» Your objective
Reproduce, exactly and in full, only the lines below from the one containing "Attractive Curtains Per Finished Metre" through the one containing "景甜草帽白衫勾勒窈窕身姿，皮肤白皙似少女".

Stored records
• • •
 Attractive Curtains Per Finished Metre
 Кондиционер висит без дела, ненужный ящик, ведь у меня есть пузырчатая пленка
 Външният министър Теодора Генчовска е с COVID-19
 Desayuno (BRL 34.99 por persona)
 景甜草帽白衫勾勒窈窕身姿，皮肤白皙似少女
• • •
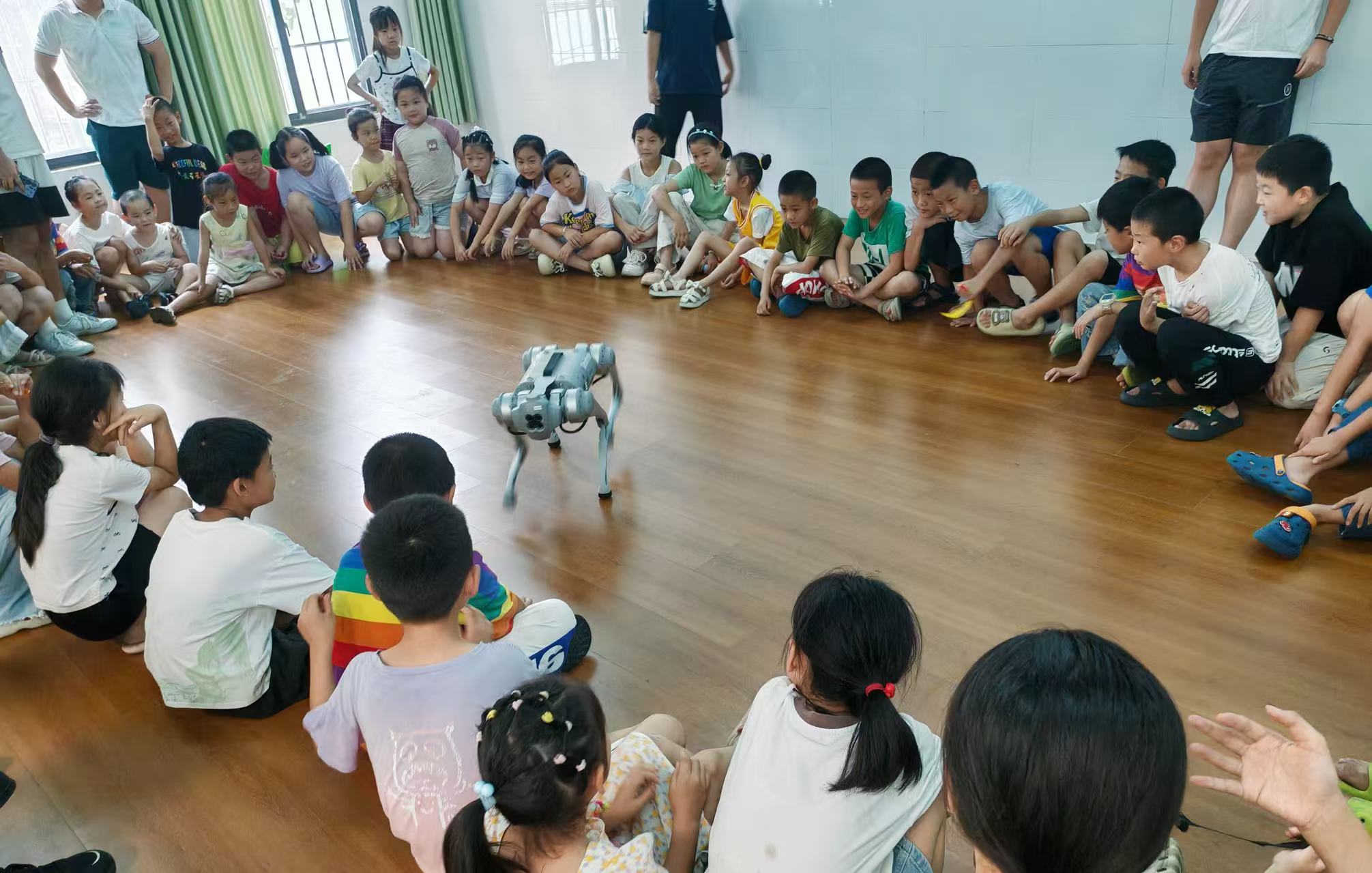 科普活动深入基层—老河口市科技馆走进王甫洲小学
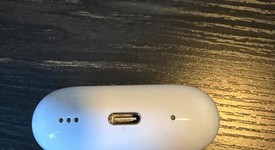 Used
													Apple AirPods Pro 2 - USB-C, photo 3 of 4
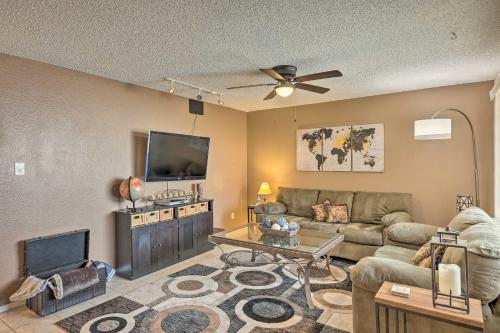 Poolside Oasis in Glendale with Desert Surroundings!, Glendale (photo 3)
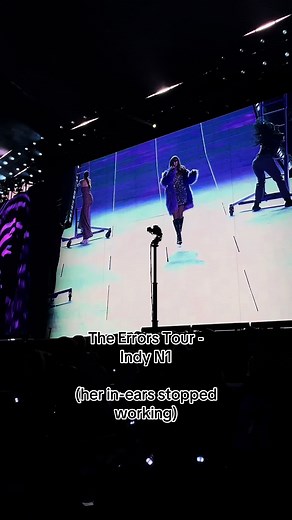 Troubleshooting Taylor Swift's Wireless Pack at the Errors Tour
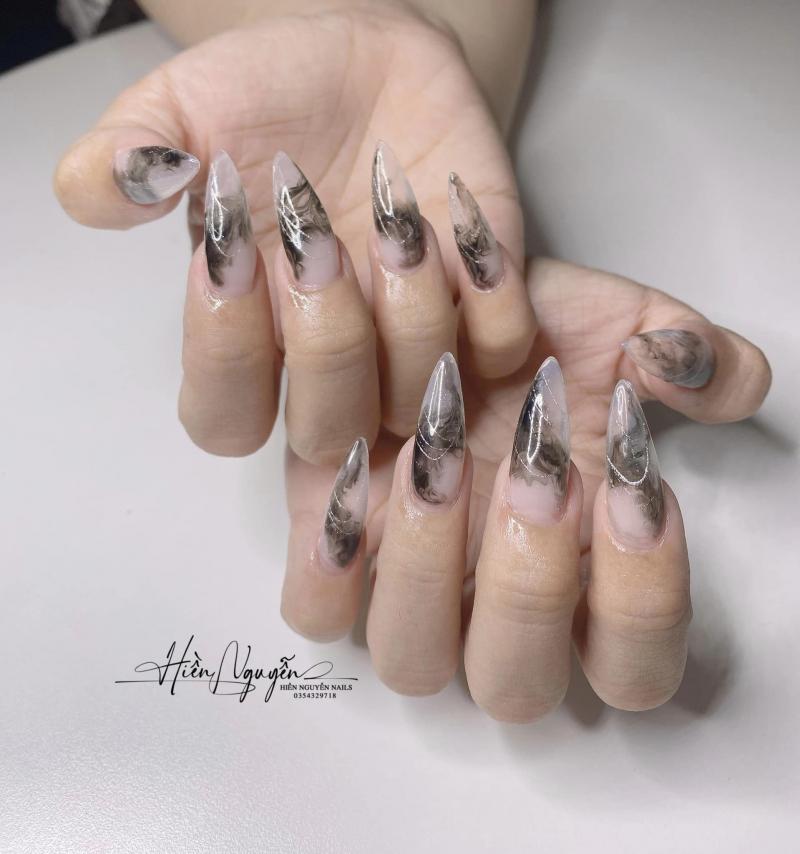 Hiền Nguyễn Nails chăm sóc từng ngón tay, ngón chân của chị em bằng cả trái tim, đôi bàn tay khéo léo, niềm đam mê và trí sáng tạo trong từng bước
• • •
» Exercise answer
 Attractive Curtains Per Finished Metre
 Кондиционер висит без дела, ненужный ящик, ведь у меня есть пузырчатая пленка
 Външният министър Теодора Генчовска е с COVID-19
 Desayuno (BRL 34.99 por persona)
 景甜草帽白衫勾勒窈窕身姿，皮肤白皙似少女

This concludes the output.